Dissertation Abstract
A Critical Study of Liberalism
by
Robert Basil Talisse
Degree: Ph.D.
Year: 2001
Pages: 205
Institution:
Advisor: Peter
Simpson
Source: DAI, 61, no. 12A (2001): p. 4809
Standard
No: ISBN: 0-493-05366-2
There is a fundamental problem confronting
theorists of democracy. Can a democratic society propose a philosophical
account of its practices and Institutions that is at once adequately robust to
answer antidemocrats and sufficiently inclusive to win the assent of citizens
who disagree about philosophical, moral, and religious essentials? A robust
theory will have to draw upon some complex and controversial philosophical
premises, and will thereby fail to be neutral about the content of these
premises. Hence it seems it must fail to respect the deep pluralism
characteristic of a free society. Anything less than a robust philosophical
theory, however, will raise questions of why anyone should prefer democracy to
mild oligarchy or peaceful tyranny. This
is the challenge.
This dissertation critically evaluates
liberalism, the dominant attempt in the tradition of political philosophy to
provide a philosophical foundation for democracy.

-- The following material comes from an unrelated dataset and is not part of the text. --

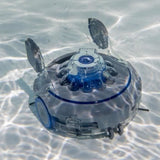 GRE - Robot a Batterie Rechargeable et sans fil, pour piscines Hors-Sol et enterrÈes Jusqu'a 12 x 5 m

Arguing that both the
traditional varieties of liberal theory (as found in the works of John Locke,
Immanuel Kant, and J. S. Mill) and also more recent formulations (as found in
the works of John Rawls and Richard Rorty) founder on the challenge presented above,
the author concludes that there is a need for a "post-liberal"
account of democracy, one which can answer the arguments of opponents of
democracy and respect pluralism at the same time.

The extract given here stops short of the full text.